Though not necessarily a “sequel” to it’s predecessor (The Hunt for Red October), Patriot Games found itself as somewhat of a hit on its own merit. We find the familiar character of Jack Ryan now played by Harrison Ford who replaced Alec Baldwin, who, at the time was thought to be somewhat difficult to work with and a prima donna. Truth be told, he was off to play Stanley Kowalski on Broadway in A Streetcar Named Desire. In any case, Patriot Games remains my favorite of the Jack Ryan thrillers and though we don’t really know who will end up playing Ryan in future movies (he’s had three leading men in only four movies); this has all of the right elements that made it a hit at the time and a movie that will most likely stand the test of time. With the Cold War over, this movie finds itself far removed from the submarine-type atmosphere of Red October. Ryan, who is now played by Ford and his wife (now played by Anne Archer and not Gates McFadden of Star Trek: The Next Generation fame) are a family and Jack has now quit the CIA. Or so he thinks.
While in England, Ryan (Harrison Ford) uses his sheer instinct to thwart a terrorist attack on Lord Holmes. Ryan kills the brother of the leader of the attack, Sean Miller (Sean Bean) and it’s now his mission in life to avenge his brother’s death. Ryan is treated as a hero, even awarded a medal of honor; but thinks nothing of it as he and his family go back home to Annapolis, MD and try to resume their lives. The CIA comes knocking at his door in the form of Admiral James Greer (James Earl Jones).
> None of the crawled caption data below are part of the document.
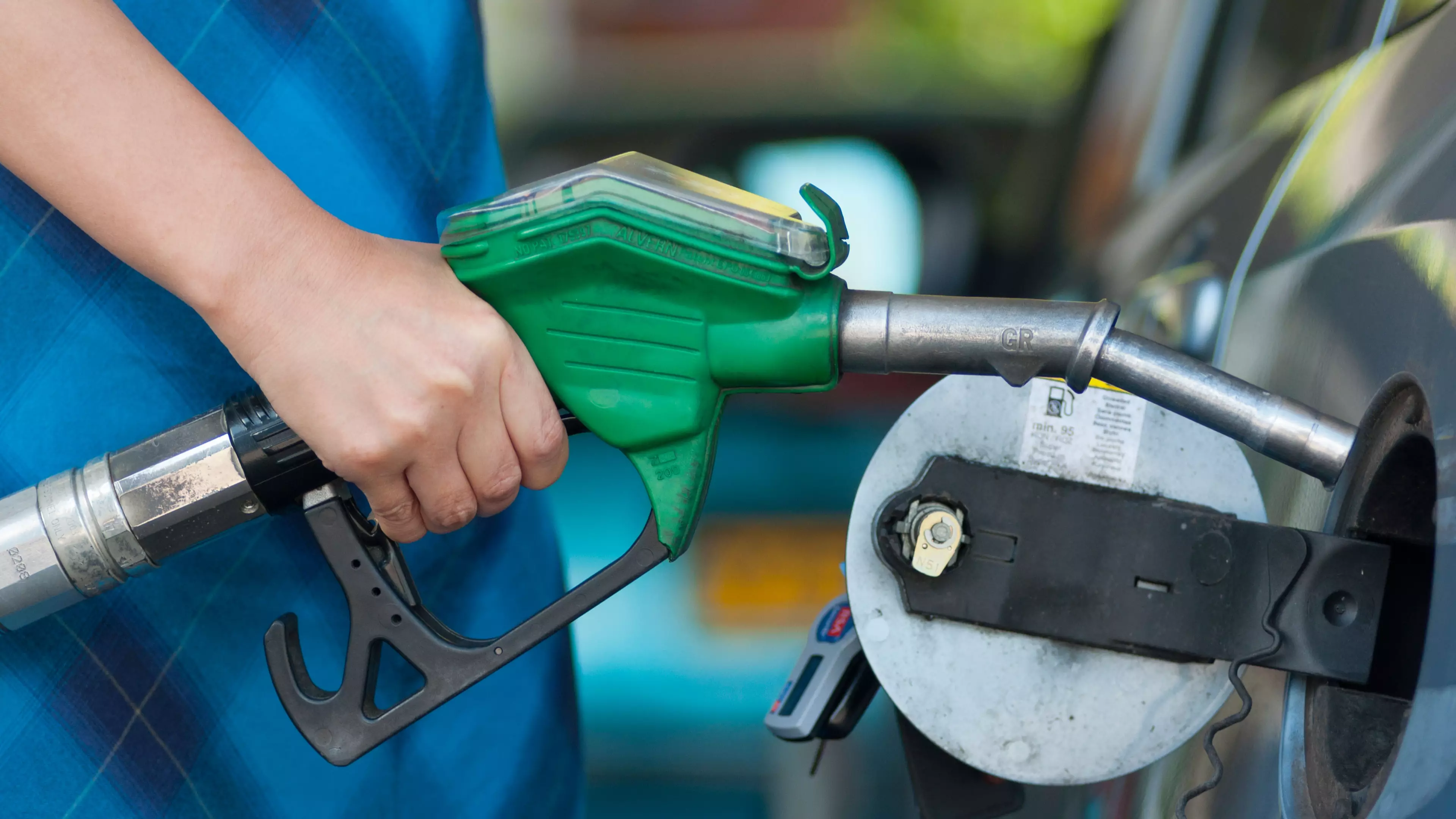 Petrol Stations Limit Sales To £30 Because Of HGV Driver Shortage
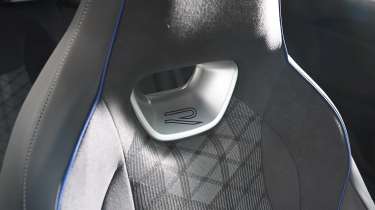 Volkswagen Tiguan R-Line 2.0 TSI 4Motion - seat head restraint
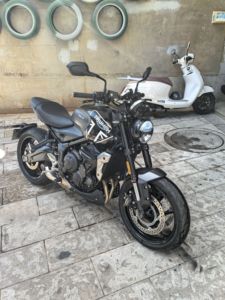 二手凯旋Trident 660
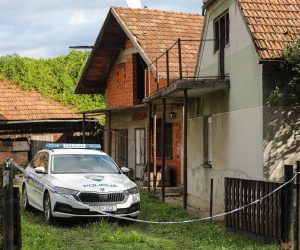 09.09.2022., Oroslavje - Policija osigurava kucu ubijenog mladica u Tvornickoj ulici te pretrazuje okolinu kako bi pronasli oruzje. Photo: Jurica Galoic/PIXSELL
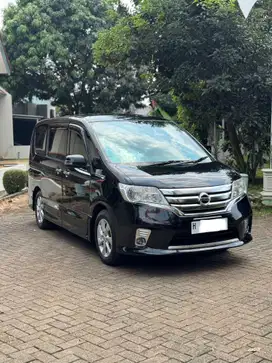 Nissan Serena HWS AT 2014 Tgn Pertama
They warn him that though a possible retaliation by Miller is nearly out of the question, that it could possibly happen. Does it? Of course so, else we would have no movie! The rest of the movie focuses on Miller’s attempts to avenge his brother (by killing Ryan and his family) and their plans to follow through on their plans to kill Lord Holmes (James Fox).
Patriot Games was the second Jack Ryan film and it worked on many levels and though it’s still classified as a “Political Thriller”; there’s enough action to keep the audience entertained for the nearly two hour running time. I have to admit that the juggling of the cast was a bit odd and though Ford would reprise his role in 1994’s Clear and Present Danger, the forthcoming decade would find him recast with Ben Affleck playing him and later on Chris Pine. Is Jack Ryan the new James Bond? Confusing, yes? But this film is, to me, the best of the bunch.
Video: How’s it look?
Released in 1992 Patriot Games has always been a bit hit and miss when it came to how it looked. I did a few comparisons between the previous Blu-ray and this new Ultra HD copy and the difference is immediately noticeable. Little things like the much clearer text, the expansion of color, vibrant at times, does seem to get washed out in some of the exterior shots. Being a resident of Annapolis, MD I have to say that it made me a bit giddy to see some of the sights around town. Though downtown Annapolis doesn’t change too much, it’s always fun to see your “hometown” portrayed on film. That being said, this 4K version is a definite uptick in visual quality, though it does pale in comparison to some of the newer releases.
Audio: How’s it sound?
Paramount has chosen not to give this film the Dolby Atmos upgrade (a fate other films in the franchise suffered as well), and while the film isn’t one associated with dynamic audio, it does sport a few choice moments. Early on, there’s a bomb that explodes as well as plenty of gunfire and the ending boat chase scene sounded much better thane expected too. Again, the film doesn’t hold a candle to some of today’s modern releases. It could have sounded better, but what we get isn’t really all that bad.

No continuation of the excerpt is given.